Rock Collection: Page 1
Rock Collection: Page 2
Rock Collection: Page 3
Rock Collection: Page 4
Rock Collection: Page 5
Rock Collection: Page 6
Rock Collection: Page 7
Rock Collection: Page 8
Rock Collection: Page 9
Rock Collection: Page 34
Rock Collection: Page 35
Rock Collection: Page 36
Rock Collection: Page 37
Rock Collection: Page 38
Rock Collection: Page 39
Rock Collection: Page 40

Seeing as how you kept SPIDER_MAX_LIMIT at ten, the index process worked as follows (using RockX.php links as example, omitting other links from the example):

Level Zero

http://www.napathon.net/ (links to musicmenu.php)

Level One:

http://www.napathon.net/musicmenu.php (links to Rock1.php)

Level Two:

http://www.napathon.net/Rock1.php (links to Rock2.php and Rock41.php)

Level Three:

http://www.napathon.net/Rock2.php (links to Rock3.php and Rock41.php)
http://www.napathon.net/Rock41.php (links to Rock1.php and Rock40.php)

Level Four:

http://www.napathon.net/Rock3.php (links to Rock4.php and Rock41.php)
http://www.napathon.net/Rock40.php (links to Rock1.php and Rock39.php)

Level Five:

http://www.napathon.net/Rock4.php (links to Rock5.php and Rock41.php)
http://www.napathon.net/Rock39.php (links to Rock1.php and Rock38.php)

Level Six:

http://www.napathon.net/Rock5.php (links to Rock6.php and Rock41.php)
http://www.napathon.net/Rock38.php (links to Rock1.php and Rock37.php)

Level Seven:

http://www.napathon.net/Rock6.php (links to Rock7.php and Rock41.php)
http://www.napathon.net/Rock37.php (links to Rock1.php and Rock36.php)

Level Eight:

http://www.napathon.net/Rock7.php (links to Rock8.php and Rock41.php)
http://www.napathon.net/Rock36.php (links to Rock1.php and Rock35.php)

Level Nine:

http://www.napathon.net/Rock8.php (links to Rock9.php and Rock41.php)
http://www.napathon.net/Rock35.php (links to Rock1.php and Rock34.php)

Level Ten:

http://www.napathon.net/Rock9.php (links to Rock10.php and Rock41.php)
http://www.napathon.net/Rock34.php (links to Rock1.php and Rock33.php)
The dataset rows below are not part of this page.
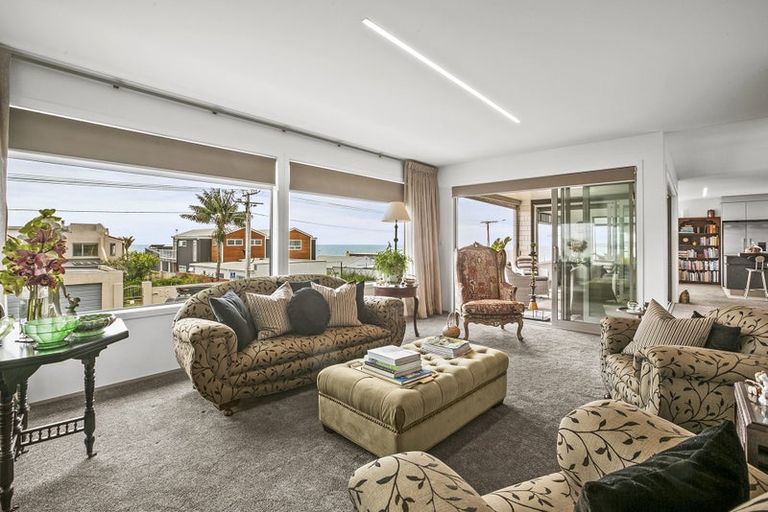 Photo of property in 21 Hine Street, New Plymouth, 4310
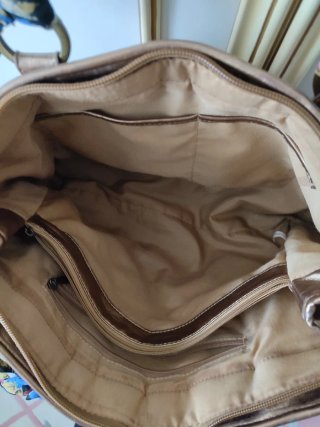 Borsa donna color oro con foulard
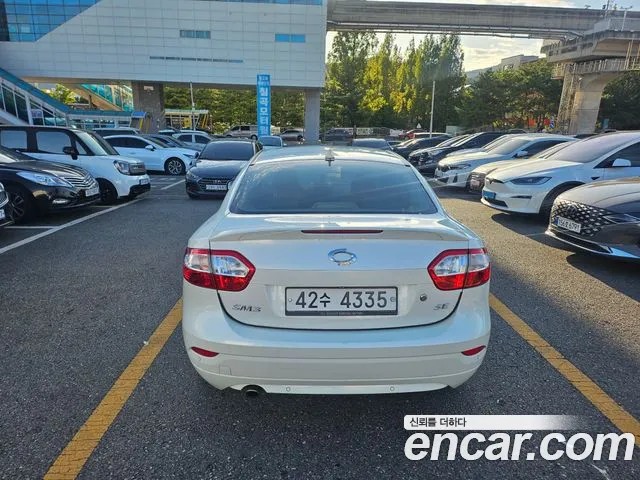Renault Fluence 2011 thumb 5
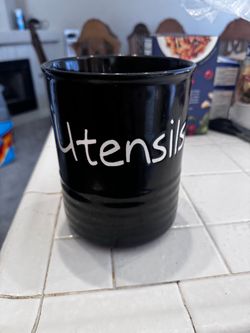 Utensil holder Utensil holder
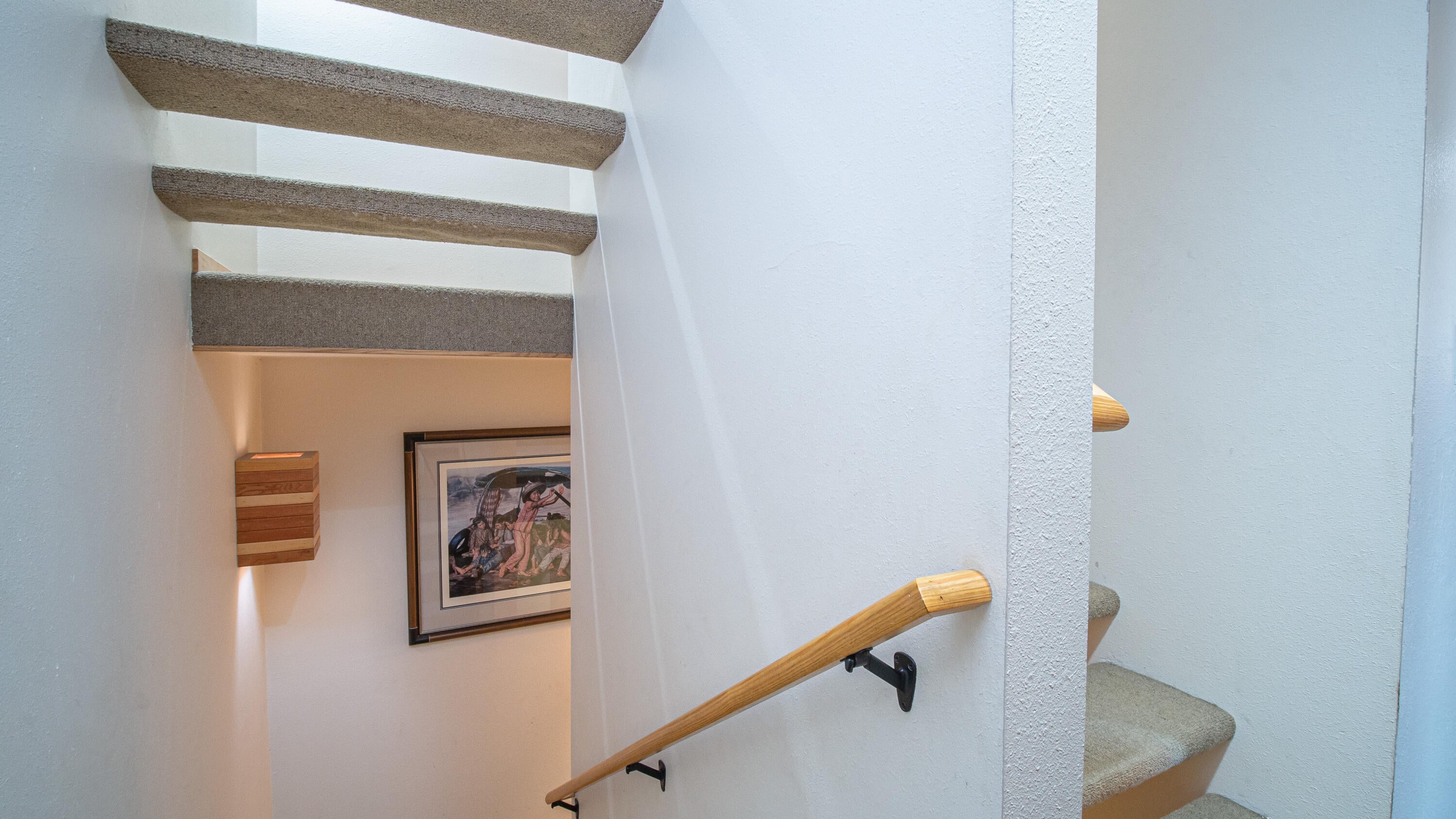 17907 Rhododendron Lane, Unit 11 Sunriver, OR 97707 - Photo 18 of 44 Stairwell with character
So, with SPIDER_MAX_LIMIT at ten, PhpDig won't go further than ten levels. Applied to the above example, this means Rock10.php through Rock33.php were not indexed.
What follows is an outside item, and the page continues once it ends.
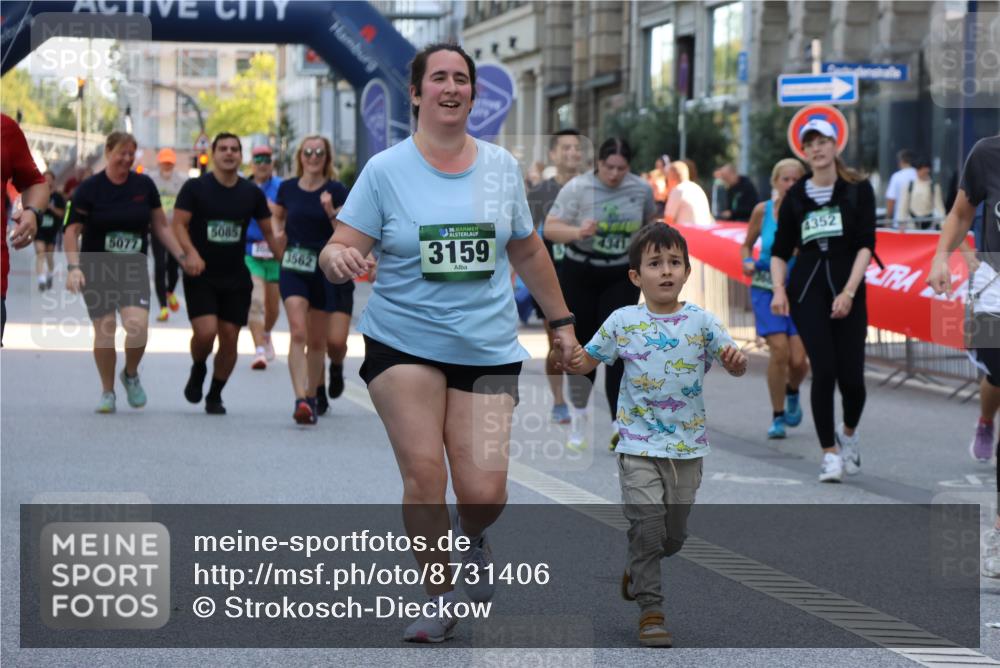 07.09.2025 - BARMER Alsterlauf Strokosch-Dieckow http://msf.ph/oto/8731406 07.09.2025 10:23:58 Ziel 2026, 2412, 3168, 3169, 4966, 5096, 5765 meine-sportfotos.de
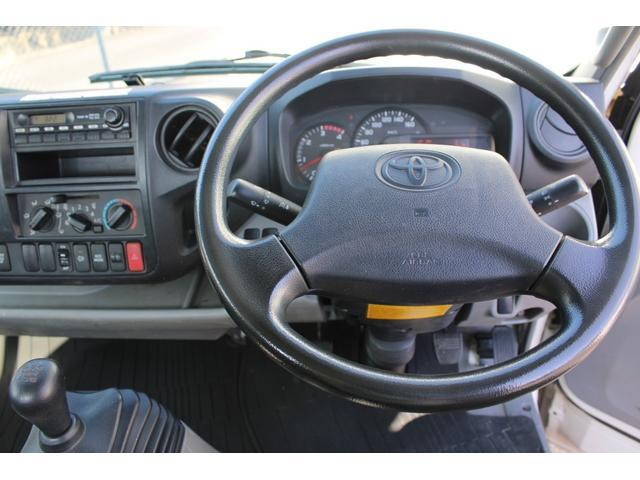 トヨタダイナ平ボディ小型（2t・3t）[写真26]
Solution: Increase SPIDER_MAX_LIMIT in the config file and then select a higher search depth to index your site.

Charter
07-05-2004, 09:23 PM
Originally posted by shinji
another bug(?) i've found:

whenever someone searched for something and clicks on one of the results he gets the htpassword-prompt "Administration-1736 PhpDig" and the result

Hi, and thanks. This happens when define('PHPDIG_ADM_AUTH','1'); is set in the config file. Just comment out the following code in the clickstats.php file:

if (is_file("$relative_script_path/libs/auth.php")) {
include "$relative_script_path/libs/auth.php";
}
else {
die("Cannot find auth.php file.\n");
}

Charter
07-05-2004, 09:30 PM
Hi. To test PhpDig 1.8.1 alpha, download <removed> and the two replacement files <removed>. Manual install still required as install.php not yet included.

Please read through this thread for possible solutions to any problems encountered. If you continue to have problems, please open a new thread in the PhpDig Forums (http://www.phpdig.net/forumdisplay.php?forumid=21).

Some 'alpha' kinks have been fixed, some mods are still in the works, but this thread is now closed. Thanks.

EDIT: PhpDig version 1.8.1 released.